Knives Out is the story of Harlan Thrombey (Christopher Plummer), a wealthy patriarch going on in years. During the culmination of the elder Thrombey’s birthday party, the eccentric man is found dead under incredibly suspicious circumstances. Enter Benoit Blanc (Daniel Craig). Calm and cool in demeanor, Blanc is the detective assigned to the case and he immediately smells foul play after uncovering that several guests at the party, including friends, colleagues, and confidants, could have benefited from having Old Man Thrombey in the ground. Through sleuthing and deduction Blanc attempts to piece together what actually happened that night.
What works in Knives Out is the blend of suspense and comedy, elevated by the perfect mix of talent and execution. Writer/director Rian Johnson (Star Wars: The Last Jedi) by his own admission set out to make a modern whodunnit and has succeeded fantastically. Knives Out demands that audiences hang on every word of his meticulously crafted script that mixes farce, erudition, and sarcasm in such a way that it may very well merit a nomination for the Academy Award for Best Original Screenplay.
But words on a page only get you so far. Fortunately, Johnson has assembled what may be one of the best ensemble casts ever, and what’s even better is that he refuses to waste them. Within 130 minutes Johnson somehow finds a way to give depth and meaning to every single suspect, and each actor appears to be in a delightful competition to outdo their peers in terms of chewing scenery at this all-you-can-eat buffet of wit. It’s nearly impossible to name an MVP (perhaps it’s Craig’s Blanc as the ringleader of this circus), but watching Jamie Lee Curtis, Michael Shannon, Chris Evans, Don Johnson, and Toni Collette, verbally spar is a treat not to be missed.
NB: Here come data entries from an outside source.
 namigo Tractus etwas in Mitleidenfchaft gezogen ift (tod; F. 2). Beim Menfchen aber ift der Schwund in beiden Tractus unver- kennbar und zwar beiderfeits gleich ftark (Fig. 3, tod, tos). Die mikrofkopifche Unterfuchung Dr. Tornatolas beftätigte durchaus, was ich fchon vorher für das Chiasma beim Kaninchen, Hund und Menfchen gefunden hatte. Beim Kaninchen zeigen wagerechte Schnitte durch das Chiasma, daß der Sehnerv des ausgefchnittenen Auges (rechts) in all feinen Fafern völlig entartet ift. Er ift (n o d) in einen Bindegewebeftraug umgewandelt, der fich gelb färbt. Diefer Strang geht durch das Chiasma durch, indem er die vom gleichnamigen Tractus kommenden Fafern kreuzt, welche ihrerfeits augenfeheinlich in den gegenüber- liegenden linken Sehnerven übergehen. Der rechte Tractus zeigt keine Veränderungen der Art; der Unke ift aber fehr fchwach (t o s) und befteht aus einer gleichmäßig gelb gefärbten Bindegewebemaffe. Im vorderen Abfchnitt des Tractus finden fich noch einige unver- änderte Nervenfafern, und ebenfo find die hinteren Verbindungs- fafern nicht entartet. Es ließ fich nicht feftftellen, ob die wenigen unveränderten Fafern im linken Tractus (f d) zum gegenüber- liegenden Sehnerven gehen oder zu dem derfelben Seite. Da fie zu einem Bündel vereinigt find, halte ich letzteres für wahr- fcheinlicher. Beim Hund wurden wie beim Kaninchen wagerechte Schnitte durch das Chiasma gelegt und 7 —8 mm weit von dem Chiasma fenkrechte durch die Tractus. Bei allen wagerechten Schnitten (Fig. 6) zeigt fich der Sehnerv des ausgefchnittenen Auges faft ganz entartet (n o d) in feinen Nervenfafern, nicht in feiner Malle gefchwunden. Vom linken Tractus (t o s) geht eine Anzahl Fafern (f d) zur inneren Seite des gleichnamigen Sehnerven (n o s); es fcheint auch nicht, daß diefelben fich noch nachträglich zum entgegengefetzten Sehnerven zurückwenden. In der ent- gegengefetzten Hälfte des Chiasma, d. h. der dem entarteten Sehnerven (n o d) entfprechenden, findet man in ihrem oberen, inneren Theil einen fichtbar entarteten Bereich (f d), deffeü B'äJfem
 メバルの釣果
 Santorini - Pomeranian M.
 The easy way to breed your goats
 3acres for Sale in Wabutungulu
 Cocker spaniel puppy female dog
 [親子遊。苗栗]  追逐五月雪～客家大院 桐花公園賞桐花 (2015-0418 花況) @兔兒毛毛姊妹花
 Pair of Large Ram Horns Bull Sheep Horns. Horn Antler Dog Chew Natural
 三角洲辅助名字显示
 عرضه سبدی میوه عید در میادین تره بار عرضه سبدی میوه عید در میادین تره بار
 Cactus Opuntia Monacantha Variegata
One may note that this review hasn’t yet said a word about the execution (sorry) of the plot’s central mystery, so here are but a few: it is gripping, suspenseful, and fantastically satisfying.
Patrons who don’t enjoy twisty, character-driven mysteries may not enjoy Knives Out as much as others. For individuals who don’t relish tense situations and scenarios, Knives Out might not be your cup of afternoon tea, as the proceedings are incredibly taut. And while it would be hard to categorize the film as particularly “scary,” filmmaker Johnson knows exactly how to keep watchers on the edges of their seats.
Knives Out is a beacon for all those who have (rightfully) declared the murder-mystery genre dead. Johnson has masterfully concocted a wholly original yarn that is entertaining through every single minute thanks to tight dialogue, colorful characters, and fantastic directing. For those yearning for an engaging, entertaining puzzle-ride, Knives Out is not to be missed.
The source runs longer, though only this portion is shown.